What is difference between isequal and == in comparing two vectors

Two vectors that have the same values and same length.
However, I want to know what are the difference between == and isequal(A,B), comparing two vectors

Answers (1)

isequal will return a single logical value, indicating whether or not the two vectors are identical.
== will give a vector with element-by-element comparison.
>> x = [1 2 3 4];
>> y = [1 2 3 5];
>> x == y
ans =
1×4 logical array
1 1 1 0
>> isequal(x,y)
ans =
logical
0
Also, isequal will work on unequal-sized vectors, and == will give an error (because the mismatch in number of elements prevents the element-by-element comparison).

11 Comments

Good answer, of course. However, I am now sponsoring the vector equality act, stating that ALL vectors should be considered equal under the laws of MATLAB, regardless of class, length, or values.

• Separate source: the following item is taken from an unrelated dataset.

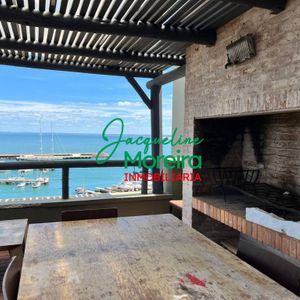 **a101104** Amarras 3/502 - Apartamento Pent House Duplex En Venta Con Las Mejores Vistas De Piriapolis
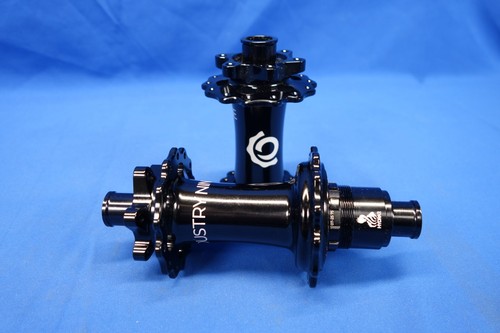 New industry nine hydra - industry,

Surely we cannot allow vectors to suffer discrimination merely because of such minor differences.
Under my proposed act, isequal will ALWAYS return true, for all vectors.
ALL vectors should be considered equal under the laws of MATLAB, regardless of class...
Well, as it happens, isequal is class-blind, and that can be a source of confusion and mishap. Not everyone would expect the following result,
>> isequal( [102,114,111,103] , 'frog' )
ans =
logical
1
That comment showed some character.
Hmmm all vectors is not equal under the laws of MATLAB, with regard to their class...
>> isequal( [102,114,111,103] , 'frog' )
ans =
logical
1
>> isequal( 'frog' , "frog" )
ans =
logical
1
>> isequal( [102,114,111,103] , "frog" )
ans =
logical
0
@Bruno Luong: the first example compares two 1x4 arrays with the same values.
The second is really the only irregular one, but apparently in the interest of user convenience the == operator was intentionally overloaded for such cases.
The third example compares a 1x4 array with a scalar array: why should they be equal?
I don't expect they are equal, I juts point out ISEQUAL is not a mathemamatics transitive relation as the name suggests.
If your logic holds I would expect
isequal( 'frog' , "frog" )
returns FALSE. one is 1 x 4 array of char the other is scalar (string) array.
This is one of the apparent inconsistency of MATLAB.
The second example is actually also comparing a 1x4 character array with a 1x1 string array.
But the documentation explicitly carves out that case:
"String scalars and character vectors containing the same sequence of characters are equivalent."
Fine, but putting in tripplet they violate the equivalence relation rules
So TMW should not claim using EQUIVALENT word
One more example of inconsistentcy
>> isequal( {'frog'} , "frog" )
ans =
logical
1
>> isequal( 'frog' , "frog" )
ans =
logical
1
>> isequal( 'frog' , {'frog'} )
ans =
logical
0
Scratch my head...
(I was replying to Stephen, not you Bruno.)
I agree that the non-transivitity is pretty surprising, and could be documented more clearly. Your latest set of comparisons are really a surprise to me, especially that
isequal( {'frog'} , "frog" )
is true.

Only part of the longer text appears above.